Nothing but the lines below between the line holding "Đèn rọi ray" and the line holding "圖片 Hermes Pegase 銀色飛馬絲巾環", inclusive, should appear in the answer, each set down exactly.

Start of PROVIDED RECORDS

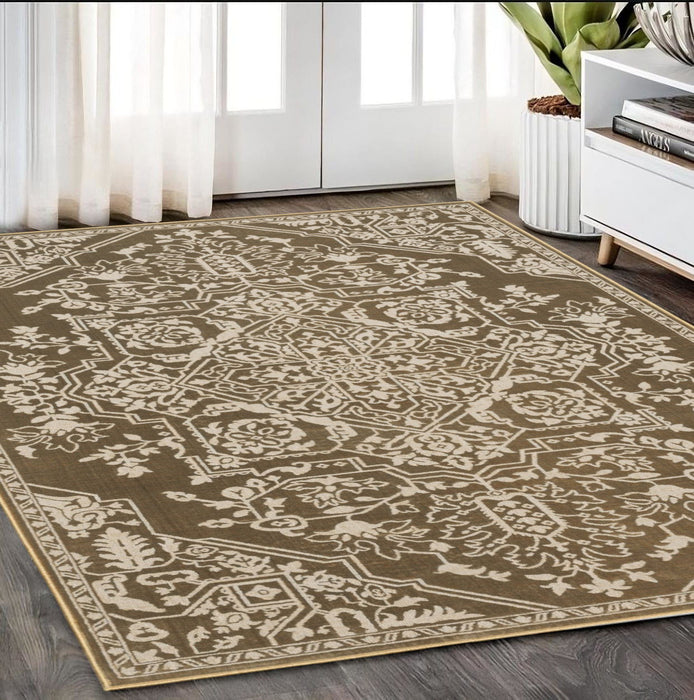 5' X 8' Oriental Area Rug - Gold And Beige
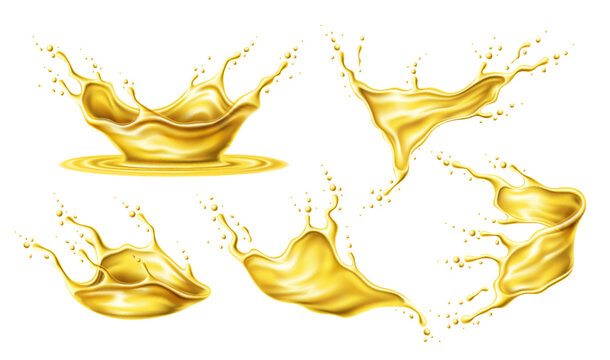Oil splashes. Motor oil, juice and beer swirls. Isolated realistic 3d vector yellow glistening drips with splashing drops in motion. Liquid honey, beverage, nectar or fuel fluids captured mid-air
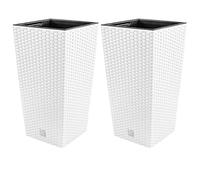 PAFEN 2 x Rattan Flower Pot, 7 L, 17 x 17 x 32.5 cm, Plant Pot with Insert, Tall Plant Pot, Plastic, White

End of PROVIDED RECORDS
Start of PROVIDED RECORDS

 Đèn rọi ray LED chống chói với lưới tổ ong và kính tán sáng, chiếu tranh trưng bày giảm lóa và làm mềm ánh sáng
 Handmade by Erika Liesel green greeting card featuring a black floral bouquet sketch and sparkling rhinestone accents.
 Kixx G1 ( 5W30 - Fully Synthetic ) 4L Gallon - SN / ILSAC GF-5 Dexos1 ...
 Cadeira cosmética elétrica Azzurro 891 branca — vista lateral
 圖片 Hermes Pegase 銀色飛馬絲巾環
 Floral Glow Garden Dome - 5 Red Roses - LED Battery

End of PROVIDED RECORDS

§ RESPONSE TO THE TASK:
 Đèn rọi ray LED chống chói với lưới tổ ong và kính tán sáng, chiếu tranh trưng bày giảm lóa và làm mềm ánh sáng
 Handmade by Erika Liesel green greeting card featuring a black floral bouquet sketch and sparkling rhinestone accents.
 Kixx G1 ( 5W30 - Fully Synthetic ) 4L Gallon - SN / ILSAC GF-5 Dexos1 ...
 Cadeira cosmética elétrica Azzurro 891 branca — vista lateral
 圖片 Hermes Pegase 銀色飛馬絲巾環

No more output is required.